►

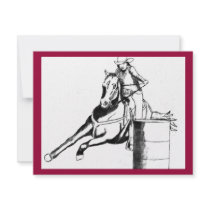 Barrel Racer 100 invitations
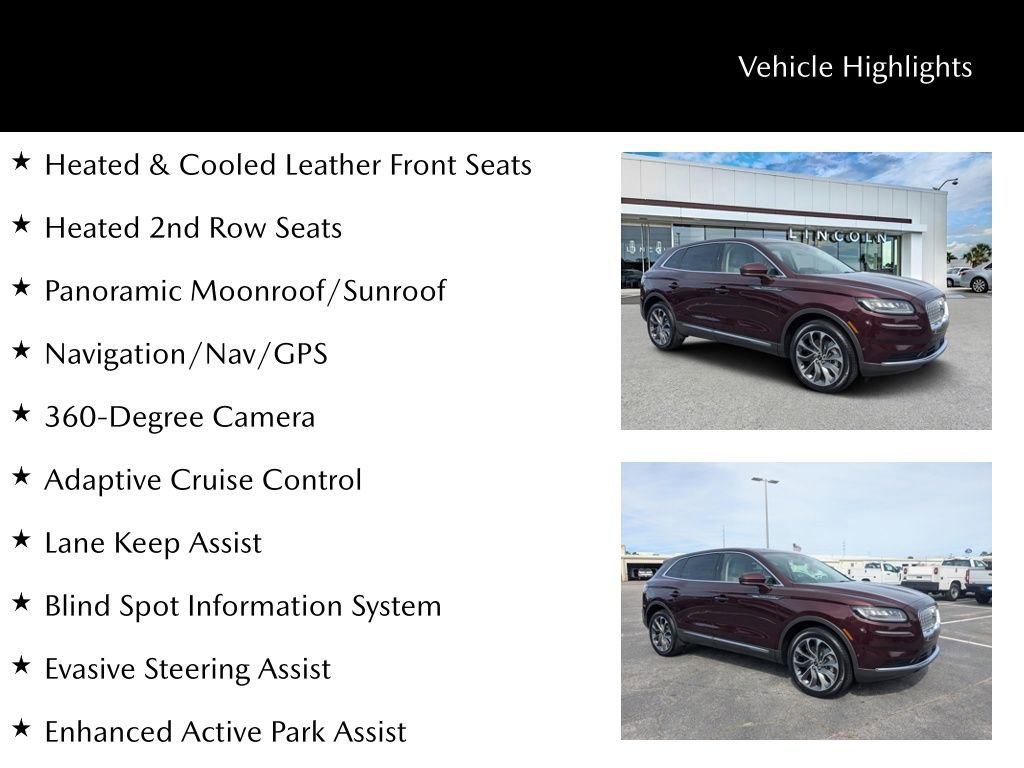 Used 2023 Lincoln Nautilus Reserve w/ Equipment Group 201A image 29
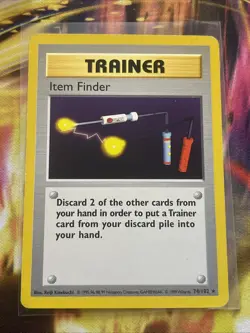 1999 Pokemon—Item Finder #74/102 Base Set (Shadowless)—Nonfoil MP - Image 1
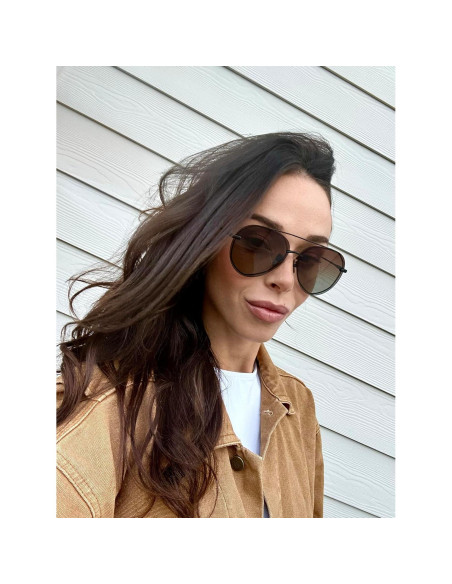 Gafas de sol aviador DIFF Lenox para mujer UV400 acero inoxidable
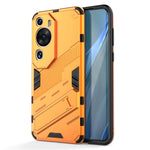 For Huawei P60 Art PC + TPU Defender Phone Case Kickstand Shockproof Cover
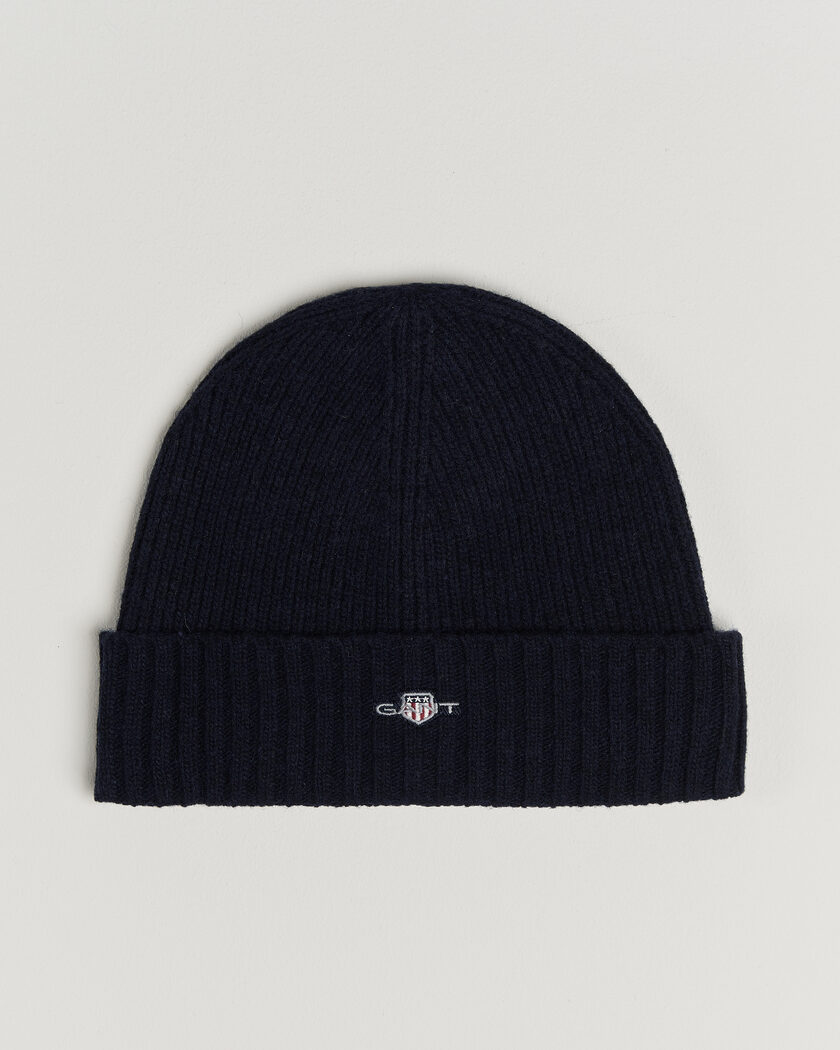 Gant Wool Beanie Marine – Blauw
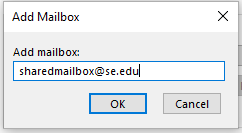 Add Shared Mailbox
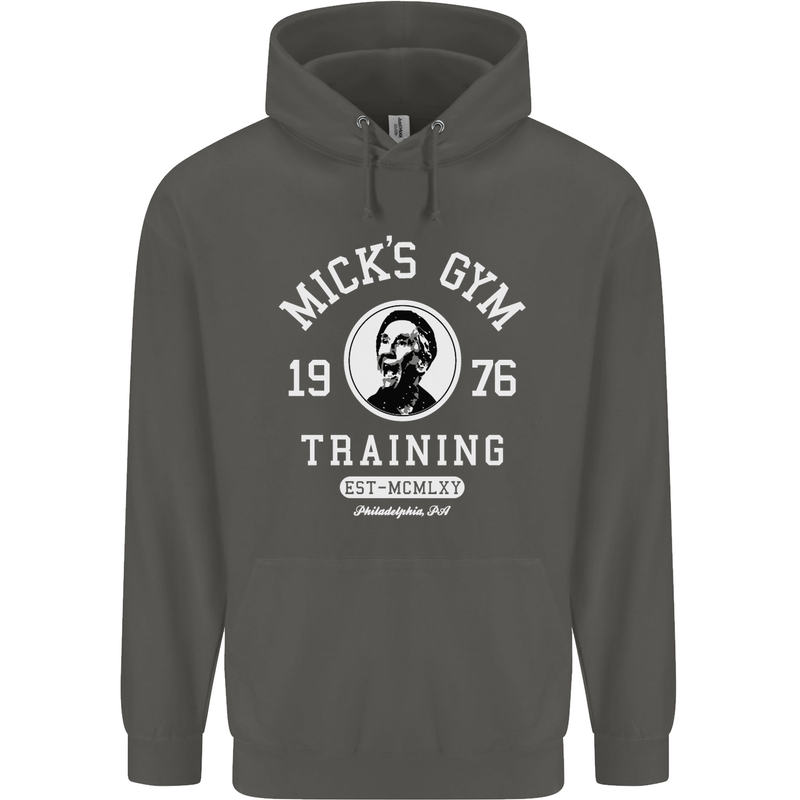 Micks Gym Training Boxing Boxer Box Childrens Kids Hoodie Storm Grey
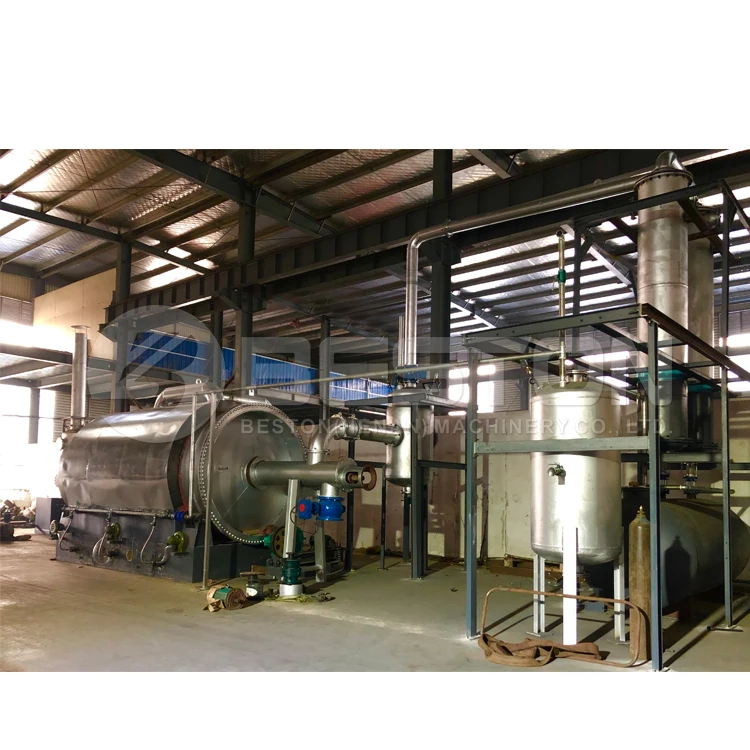 Advanced Machine Making Petrol From Plastic to Crude Oil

◄

■ Work item
Images are to be skipped, and each line above is to be returned exactly.

■ Expected answer
 Barrel Racer 100 invitations
 Used 2023 Lincoln Nautilus Reserve w/ Equipment Group 201A image 29
 1999 Pokemon—Item Finder #74/102 Base Set (Shadowless)—Nonfoil MP - Image 1
 Gafas de sol aviador DIFF Lenox para mujer UV400 acero inoxidable
 For Huawei P60 Art PC + TPU Defender Phone Case Kickstand Shockproof Cover
 Gant Wool Beanie Marine – Blauw
 Add Shared Mailbox
 Micks Gym Training Boxing Boxer Box Childrens Kids Hoodie Storm Grey
 Advanced Machine Making Petrol From Plastic to Crude Oil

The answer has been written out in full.